Questo lo so, ma della proprietà privata del mio semplice corpo non ne traggo granché, se non, come giustamente dici, il mio diritto a non essere schiavo.
Ripropongo l'esempio di prima: se per me è un diritto girare armato, ma non posseggo nessuna proprietà privata in cui esercitare tale diritto, e mi ritrovo invece a vivere in un luogo dove ciò è proibito (ossia in altre proprietà private di gente che lo pribisce), cosa succede?
Se io voglio fondare una comunità di luddisti, in cui si lavora la terra coi buoi e non esiste industria ma solo artigianato, a meno che questa comunità non sia completamente autosufficiente, essa sarà destinata al fallimento economico, schiacciata dalla concorrenza di realtà tecnologicamente più avanzate.
Seppur nolente, mi ritroverò dunque a dover abbracciare un modo di produzione "capitalistico" (passami il termine) e arrendermi alla tecnologia, se non voglio morire di stenti.
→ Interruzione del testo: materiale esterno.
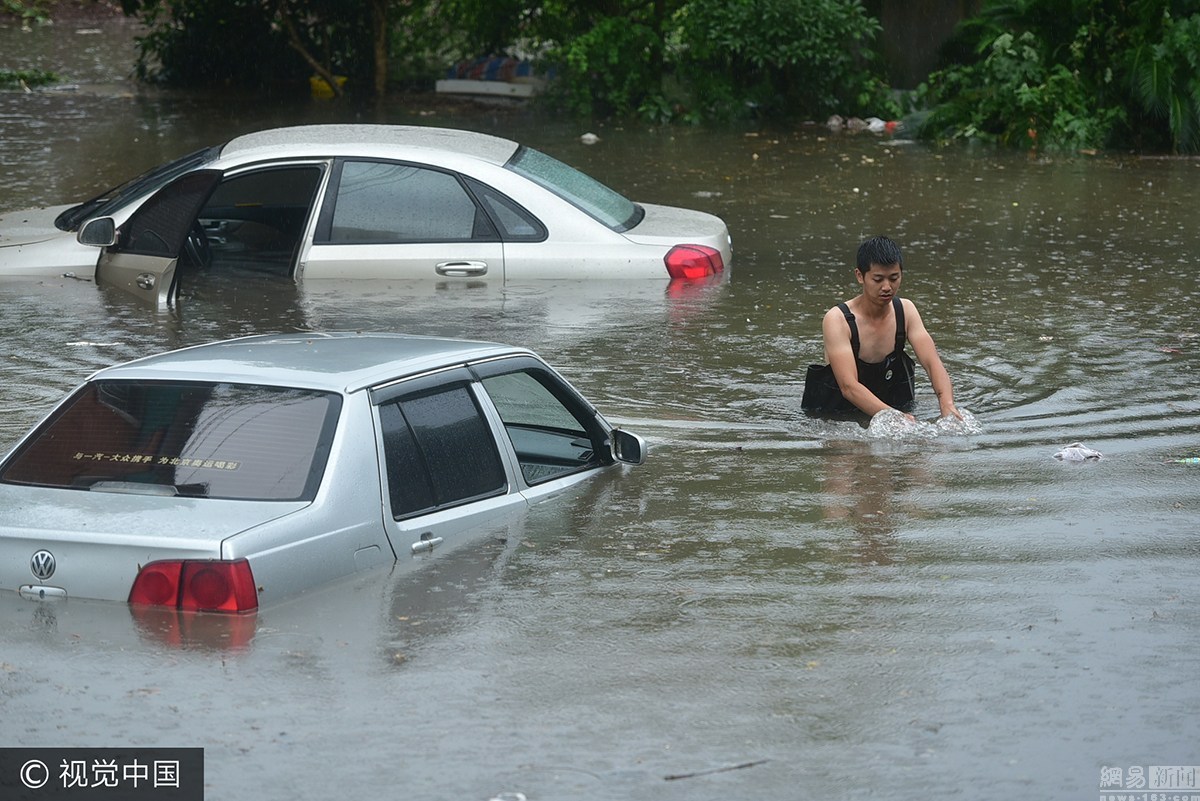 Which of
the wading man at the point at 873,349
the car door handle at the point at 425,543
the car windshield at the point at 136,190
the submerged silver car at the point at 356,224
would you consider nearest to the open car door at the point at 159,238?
the submerged silver car at the point at 356,224

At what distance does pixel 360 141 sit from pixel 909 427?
4.47 metres

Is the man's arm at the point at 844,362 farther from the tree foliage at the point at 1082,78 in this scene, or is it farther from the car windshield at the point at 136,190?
the tree foliage at the point at 1082,78

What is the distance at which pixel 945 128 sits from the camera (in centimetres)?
2295

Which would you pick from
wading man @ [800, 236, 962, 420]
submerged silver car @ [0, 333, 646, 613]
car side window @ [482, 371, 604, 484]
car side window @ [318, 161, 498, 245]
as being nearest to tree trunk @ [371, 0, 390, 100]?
car side window @ [318, 161, 498, 245]

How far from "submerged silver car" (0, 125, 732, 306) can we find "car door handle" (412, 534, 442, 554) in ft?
17.9

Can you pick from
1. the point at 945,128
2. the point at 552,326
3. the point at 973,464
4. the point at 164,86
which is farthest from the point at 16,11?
the point at 973,464

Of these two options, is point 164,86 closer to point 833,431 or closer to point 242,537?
point 833,431

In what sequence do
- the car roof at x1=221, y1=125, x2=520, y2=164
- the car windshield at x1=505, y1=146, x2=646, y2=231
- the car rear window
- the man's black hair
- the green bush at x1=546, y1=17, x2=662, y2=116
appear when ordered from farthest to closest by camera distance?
the green bush at x1=546, y1=17, x2=662, y2=116 < the car windshield at x1=505, y1=146, x2=646, y2=231 < the car roof at x1=221, y1=125, x2=520, y2=164 < the man's black hair < the car rear window

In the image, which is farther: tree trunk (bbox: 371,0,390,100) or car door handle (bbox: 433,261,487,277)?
tree trunk (bbox: 371,0,390,100)

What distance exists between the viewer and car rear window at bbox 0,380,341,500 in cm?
545

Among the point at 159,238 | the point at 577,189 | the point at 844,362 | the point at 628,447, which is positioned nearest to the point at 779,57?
the point at 577,189

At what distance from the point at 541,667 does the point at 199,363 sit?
1.72 meters

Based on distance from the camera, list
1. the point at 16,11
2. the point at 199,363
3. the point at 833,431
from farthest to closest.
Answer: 1. the point at 16,11
2. the point at 833,431
3. the point at 199,363

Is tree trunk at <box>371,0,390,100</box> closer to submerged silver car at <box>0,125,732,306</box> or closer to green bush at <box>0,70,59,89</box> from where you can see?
green bush at <box>0,70,59,89</box>
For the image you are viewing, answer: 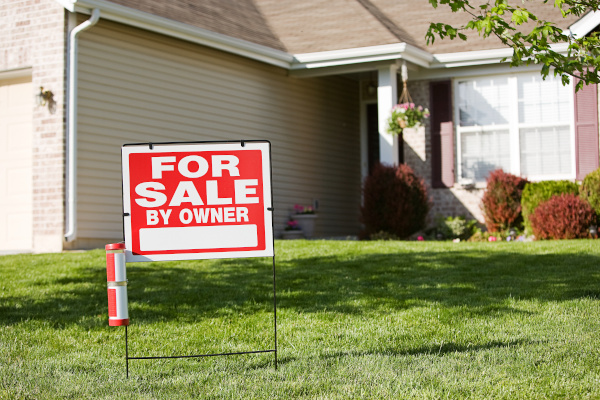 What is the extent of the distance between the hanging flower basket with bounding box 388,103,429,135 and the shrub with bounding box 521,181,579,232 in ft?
7.05

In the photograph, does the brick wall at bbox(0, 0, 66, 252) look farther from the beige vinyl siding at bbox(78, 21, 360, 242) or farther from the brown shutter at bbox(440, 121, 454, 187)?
the brown shutter at bbox(440, 121, 454, 187)

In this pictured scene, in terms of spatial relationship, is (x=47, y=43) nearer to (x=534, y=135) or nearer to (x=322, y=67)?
(x=322, y=67)

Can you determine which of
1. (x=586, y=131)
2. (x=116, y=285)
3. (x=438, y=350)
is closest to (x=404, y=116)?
(x=586, y=131)

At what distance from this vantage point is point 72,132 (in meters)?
11.0

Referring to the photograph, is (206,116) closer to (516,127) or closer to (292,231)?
(292,231)

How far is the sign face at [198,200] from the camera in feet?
15.5

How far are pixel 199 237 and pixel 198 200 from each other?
0.74 ft

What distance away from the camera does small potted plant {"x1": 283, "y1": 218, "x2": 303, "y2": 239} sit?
47.3 feet

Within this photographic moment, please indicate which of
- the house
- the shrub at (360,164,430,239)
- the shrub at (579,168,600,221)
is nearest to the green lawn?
the house

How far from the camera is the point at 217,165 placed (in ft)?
15.7

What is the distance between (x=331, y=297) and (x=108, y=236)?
216 inches

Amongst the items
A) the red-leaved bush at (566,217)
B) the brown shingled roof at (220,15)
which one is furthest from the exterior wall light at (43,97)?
the red-leaved bush at (566,217)

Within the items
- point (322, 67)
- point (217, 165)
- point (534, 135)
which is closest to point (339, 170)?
point (322, 67)

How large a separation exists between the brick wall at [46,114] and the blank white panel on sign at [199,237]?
6.63 m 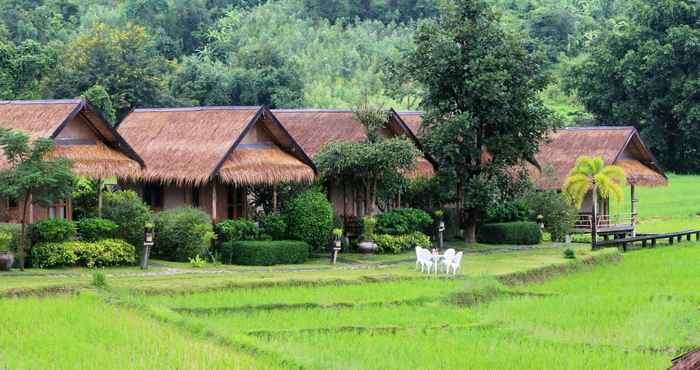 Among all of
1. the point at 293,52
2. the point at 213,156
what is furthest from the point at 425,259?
the point at 293,52

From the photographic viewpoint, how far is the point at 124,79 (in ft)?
164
Ripeto, è vero che non esiste coercizione fisica, ma mi chiedo: è libera questa scelta?
Questo intendevo con "pervasività del capitalismo" (non c'è nessuna connotazione morale in questa espressione).
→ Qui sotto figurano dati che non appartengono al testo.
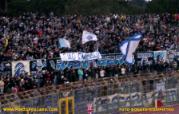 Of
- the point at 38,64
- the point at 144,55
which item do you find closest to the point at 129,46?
the point at 38,64

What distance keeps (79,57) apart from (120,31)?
7.30 metres

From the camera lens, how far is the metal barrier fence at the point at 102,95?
22.7 m

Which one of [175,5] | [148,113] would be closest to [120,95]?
[148,113]

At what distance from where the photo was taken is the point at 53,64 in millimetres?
31094

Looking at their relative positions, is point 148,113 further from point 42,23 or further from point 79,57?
point 42,23

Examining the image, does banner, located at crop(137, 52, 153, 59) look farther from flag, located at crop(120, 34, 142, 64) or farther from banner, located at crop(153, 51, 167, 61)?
flag, located at crop(120, 34, 142, 64)

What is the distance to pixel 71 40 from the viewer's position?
3541 cm

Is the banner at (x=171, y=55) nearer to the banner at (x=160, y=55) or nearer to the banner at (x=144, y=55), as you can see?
the banner at (x=160, y=55)

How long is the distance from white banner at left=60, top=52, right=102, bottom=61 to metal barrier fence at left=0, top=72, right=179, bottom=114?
2.45 m

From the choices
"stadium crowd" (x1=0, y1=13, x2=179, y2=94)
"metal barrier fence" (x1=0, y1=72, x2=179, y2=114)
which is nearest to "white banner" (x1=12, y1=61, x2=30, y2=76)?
"stadium crowd" (x1=0, y1=13, x2=179, y2=94)

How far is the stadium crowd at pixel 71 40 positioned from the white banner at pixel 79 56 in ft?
1.99

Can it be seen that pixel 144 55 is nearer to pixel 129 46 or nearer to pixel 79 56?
pixel 79 56

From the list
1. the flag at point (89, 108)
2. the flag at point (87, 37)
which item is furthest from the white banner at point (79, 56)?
the flag at point (89, 108)

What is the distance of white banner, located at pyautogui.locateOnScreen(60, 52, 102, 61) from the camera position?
31.9 meters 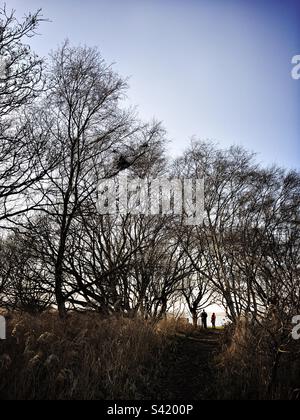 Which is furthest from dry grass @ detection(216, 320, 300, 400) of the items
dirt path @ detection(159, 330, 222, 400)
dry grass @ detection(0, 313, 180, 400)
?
dry grass @ detection(0, 313, 180, 400)

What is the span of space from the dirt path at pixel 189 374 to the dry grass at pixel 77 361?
0.31m

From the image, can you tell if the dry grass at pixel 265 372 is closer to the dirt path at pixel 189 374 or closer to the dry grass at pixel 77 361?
the dirt path at pixel 189 374

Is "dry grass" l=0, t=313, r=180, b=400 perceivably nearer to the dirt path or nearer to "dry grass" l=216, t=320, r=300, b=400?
the dirt path

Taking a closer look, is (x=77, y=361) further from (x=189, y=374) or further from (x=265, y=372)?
(x=265, y=372)

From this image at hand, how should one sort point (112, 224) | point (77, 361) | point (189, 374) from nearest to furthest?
point (77, 361) < point (189, 374) < point (112, 224)

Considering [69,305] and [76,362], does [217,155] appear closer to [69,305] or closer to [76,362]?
[69,305]

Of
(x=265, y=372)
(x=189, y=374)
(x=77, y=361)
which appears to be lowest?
(x=189, y=374)

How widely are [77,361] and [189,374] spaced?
3034 millimetres

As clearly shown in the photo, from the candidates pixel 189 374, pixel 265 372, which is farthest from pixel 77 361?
pixel 265 372

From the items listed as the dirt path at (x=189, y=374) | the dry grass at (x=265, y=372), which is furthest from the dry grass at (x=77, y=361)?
the dry grass at (x=265, y=372)

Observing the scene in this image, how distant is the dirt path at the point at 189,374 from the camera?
6.50 metres

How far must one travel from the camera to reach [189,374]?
7.94 metres

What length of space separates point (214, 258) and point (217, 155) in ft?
15.4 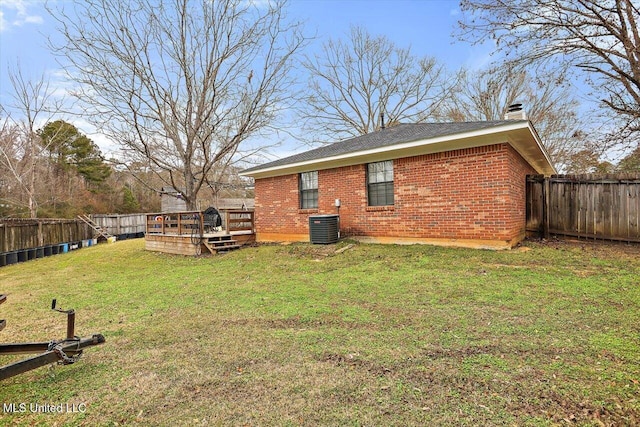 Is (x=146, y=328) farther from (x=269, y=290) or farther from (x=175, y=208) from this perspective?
(x=175, y=208)

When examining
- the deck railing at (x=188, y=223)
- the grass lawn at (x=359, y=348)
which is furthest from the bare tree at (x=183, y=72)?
the grass lawn at (x=359, y=348)

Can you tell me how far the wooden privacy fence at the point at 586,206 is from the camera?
759cm

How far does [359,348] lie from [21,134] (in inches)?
1104

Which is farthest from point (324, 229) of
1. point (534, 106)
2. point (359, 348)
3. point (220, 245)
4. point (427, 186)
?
point (534, 106)

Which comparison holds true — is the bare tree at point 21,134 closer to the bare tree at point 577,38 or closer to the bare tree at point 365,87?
the bare tree at point 365,87

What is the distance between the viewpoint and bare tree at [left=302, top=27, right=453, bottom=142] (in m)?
23.1

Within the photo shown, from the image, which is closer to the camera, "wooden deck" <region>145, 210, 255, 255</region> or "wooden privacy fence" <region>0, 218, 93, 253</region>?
"wooden deck" <region>145, 210, 255, 255</region>

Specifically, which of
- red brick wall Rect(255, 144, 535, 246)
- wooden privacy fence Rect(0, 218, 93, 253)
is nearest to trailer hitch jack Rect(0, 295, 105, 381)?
red brick wall Rect(255, 144, 535, 246)

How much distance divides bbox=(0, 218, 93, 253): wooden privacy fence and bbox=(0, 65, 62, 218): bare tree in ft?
20.9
Oppure molto piu' semplicememte, garantire al figlio dell' operaio un istruzione di livello paragonabile a quello dell'industriale.
In questo discorso pero' non viene preso minimamente in conto il danno collaterale provocato quando queste attivita' vengono svolte in grande scala, ad esempio il danno sul territorio provocato dalle concerie.
Aspetto invece ben presente nelle teorie socialiste moderne.